In the vision of universal interpenetration, one of the Mahayana flowers of the Buddha's teaching of Conditioned Co-production (pratitya samutpada), we have a basic insight into our relationship with nature. This vision is exemplified in the simile of Indra's Net: High above in heaven, on the roof of the palace of the god Indra, there hang innumerable jewels interlaced in a great network. As the light reflects off these multifaceted gems not only does each jewel reflect the whole cosmos, but also every other jewel in the net, including all the reflections from all the jewels, the reflections of the reflections, and their reflections.

In this beautiful vision we can begin to connect imaginatively with the mutual interdependence of all processes. Bringing this insight down to earth it becomes clear that by harming nature we are in fact harming ourselves. There are plenty of examples to demonstrate this in the current media: acid rain, the greenhouse effect, the ozone hole, radioactive contamination, to name but a few. These reactions of nature to our carelessness harm us not only physically but also psychologically, as we face the threat of our environment becoming increasingly inimical to healthy human life.

— Nick Wallis, Buddhism and the Environment, Friend of Western Buddhism Order (FWBO): http://fwbo.org/articles/buddhism&environment.html

There are very strong Biblical directives to care for God's earth.

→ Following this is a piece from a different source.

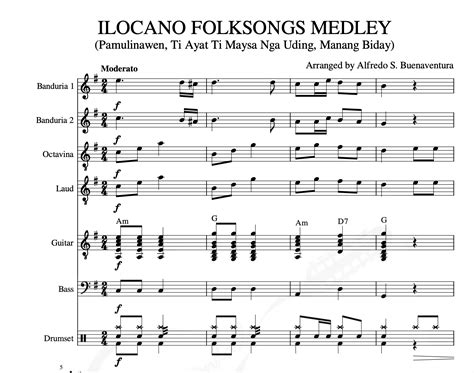 Ilocano Folk Songs Medley (Full Score) – Rondalla Sheet Music by Musicondalla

Articles and theological treatises [on creation care] were often prefaced by the statement, "the Earth is the Lord's." It comes from Psalm 24:1, "The Earth is the Lord's and the fullness thereof; the fullness and everything it contains."

Most of the Biblical teachings [on creation care] have to do with three principles: earth-keeping, fruitfulness, and Sabbath.

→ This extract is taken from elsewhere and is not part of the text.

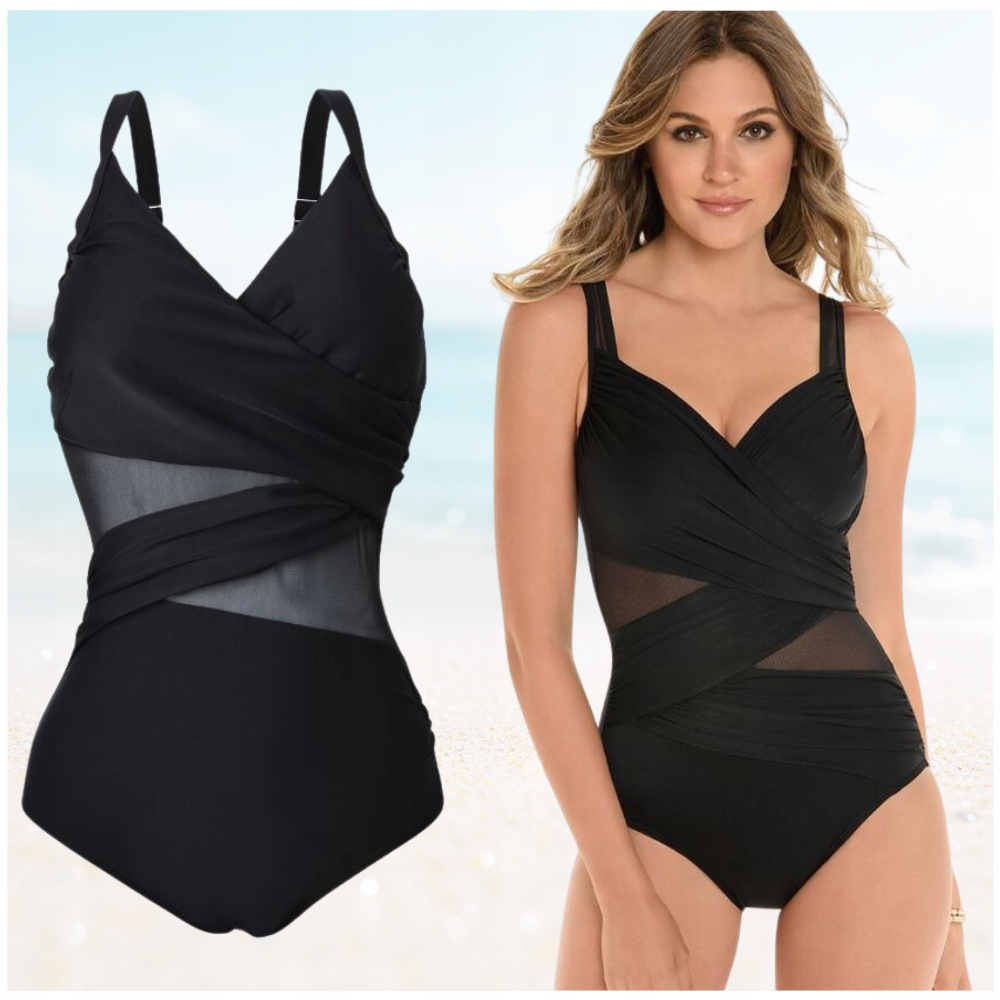 WYSZCZUPLAJĄCY CZARNY DAMSKI STRÓJ KĄPIELOWY JEDNOCZĘŚCIOWY PLUS SIZE XXL Rozmiar XXL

— David Roberts' interview with Calvin DeWitt in Grist: http://www.grist.org/article/dewitt/

The Qur'an' and the Hadith are rich in proverbs and precepts that speak of the Almighty's design for creation and humanity's responsibility for preserving it. For many Muslims, citing these is enough to prove that Islam has always embraced a complete environmental ethic. Others are more critical. They readily acknowledge that the guidelines are all there in Islamic doctrine. Tawhid (unity), khilafa (trusteeship), and akhirah (accountability, or literally, the hereafter), three central concepts of Islam, are also the pillars of Islam's environmental ethic. But they add that Muslims have strayed from this nexus of values and need to return to it.

— Islam and Ecology, M. Hope & J. Young: http://www.crosscurrents.org/islamecology.htm

Words like "Nature" change meanings in important ways over time. Right wingers and left wingers, for their opposite reasons, like to say our Founders disliked democracy, never ever mentioning that the word meant something different at the time they wrote than it means today, or that James Madison defined the American republic exactly as we now define representative democracy (a term that did not then exist).

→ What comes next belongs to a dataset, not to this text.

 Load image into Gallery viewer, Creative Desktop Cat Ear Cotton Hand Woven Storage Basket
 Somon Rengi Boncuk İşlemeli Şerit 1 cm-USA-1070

The word "Nature" has the same problem. As used during that that time "Nature" had a strong survival-of-the-fittest flavor, with conflict and struggle being the primary value within life. People argued over the units that competed and struggled, from Social Darwinists who initially emphasized individuals to Hitler and the Nazis who emphasized races. Nazis justified their violence in part by claiming it was in keeping with "Nature."

There is no evidence of awareness of symbiotic relationships being particularly important, though Peter Kropotkin had drawn initial attention to them. He was largely ignored at the time, but today we know symbiosis (cooperation) is fundamental to evolution. "Nature" like so many important words can only be understood in context and with sensitivity to the times.

— Beliefnet: Environmentalism, NeoPaganism and EcoFascism: Here We Go Again, http://blog.beliefnet.com/apagansblog/2010/05/environmentalism-neopaganism-and-ecofascism-here-we-go-again.html#ixzz14wVZsMOP

Curtis Yazzie: “Once Peabody takes all the coal out, it’ll be gone. Solar would be long-term. Solar and wind, we don’t have a problem with. It’s pretty windy out here.”